For each entry, restate it word for word while omitting any image it holds.

Records excerpted from a collection
________________________

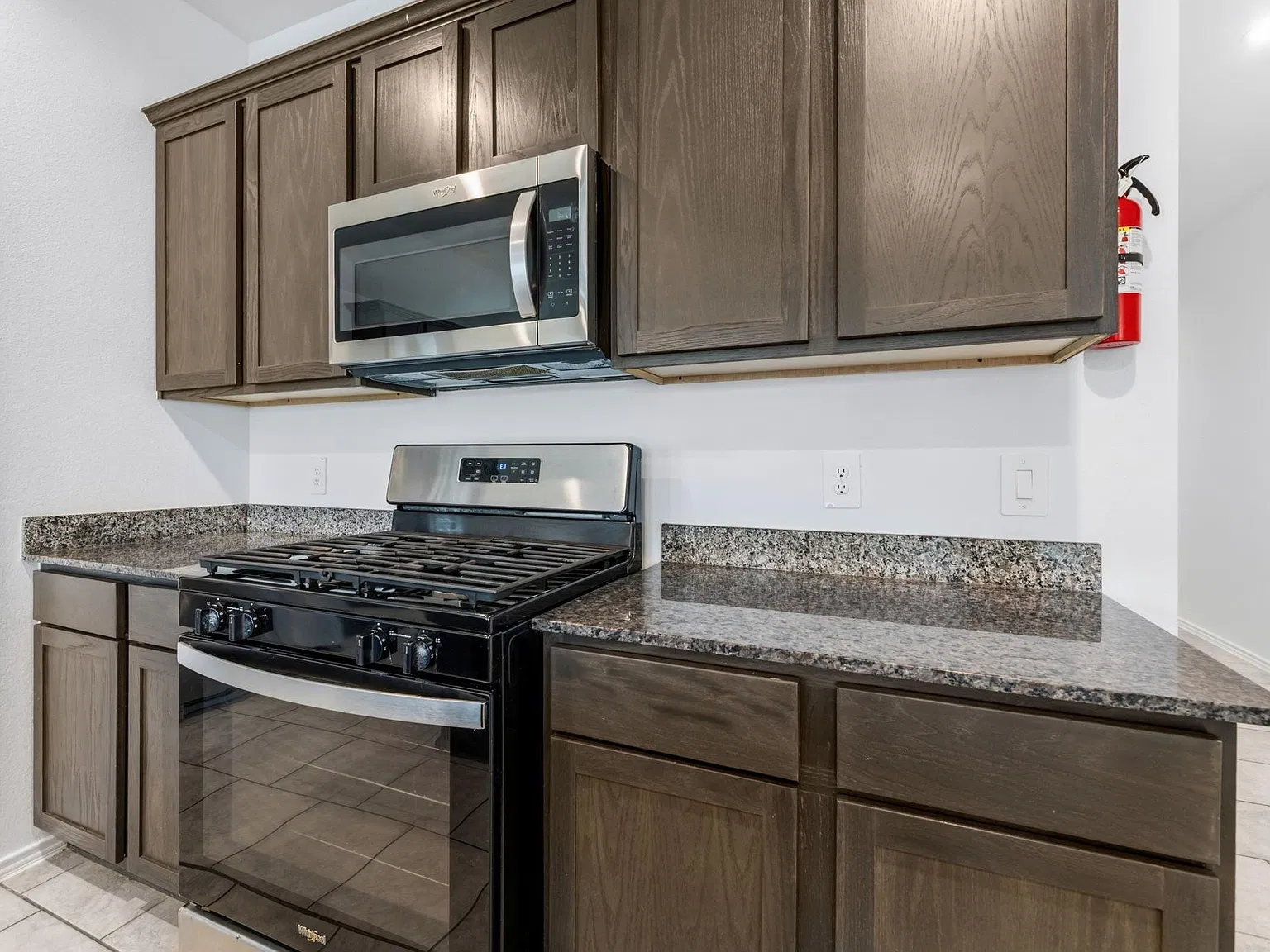 4 bed, 1976 sqft, $2,275 — Photo 3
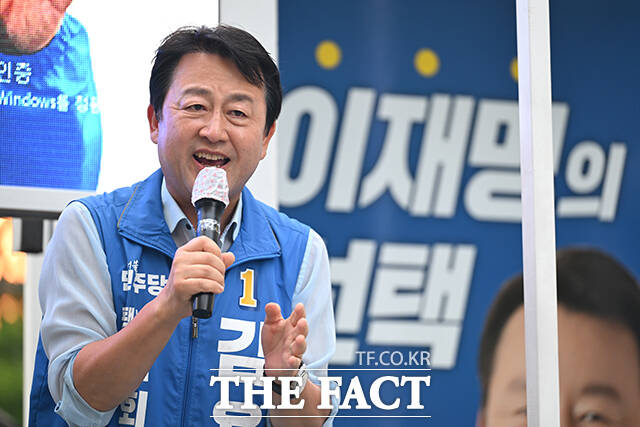 지지 호소하는 김용남.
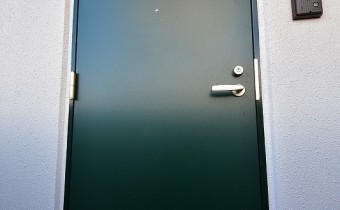 玄関ドア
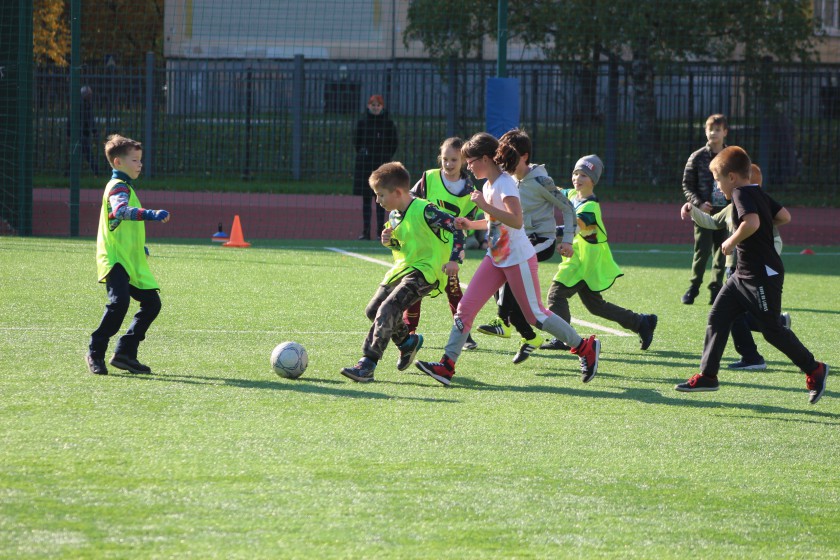 Футболисты ФК «Зоркий» провели открытую тренировку для школьников
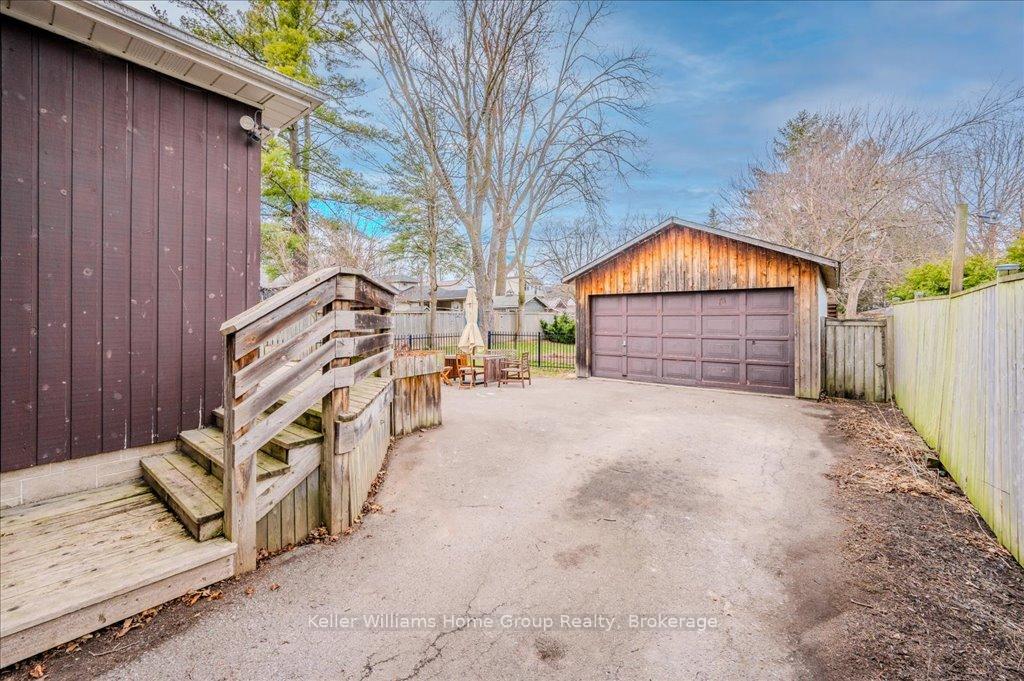 Photo 29 of 39 Central Street, Guelph, Exhibition Park — HOMEH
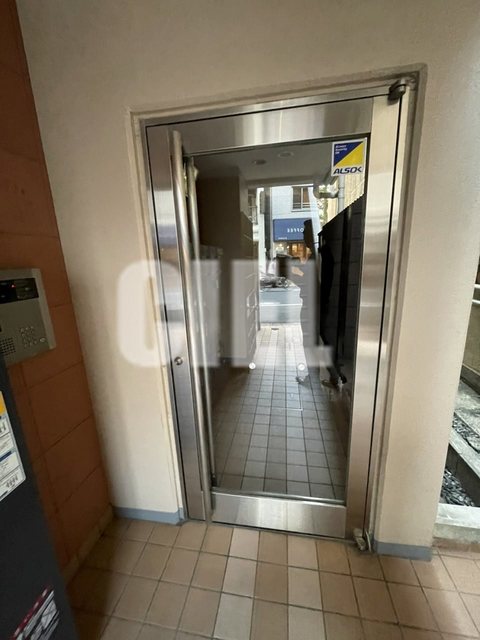 セキュリティ　オートロック完備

________________________

* **RESULT FOR THIS EXERCISE**:
 4 bed, 1976 sqft, $2,275 — Photo 3
 지지 호소하는 김용남.
 玄関ドア
 Футболисты ФК «Зоркий» провели открытую тренировку для школьников
 Photo 29 of 39 Central Street, Guelph, Exhibition Park — HOMEH
 セキュリティ　オートロック完備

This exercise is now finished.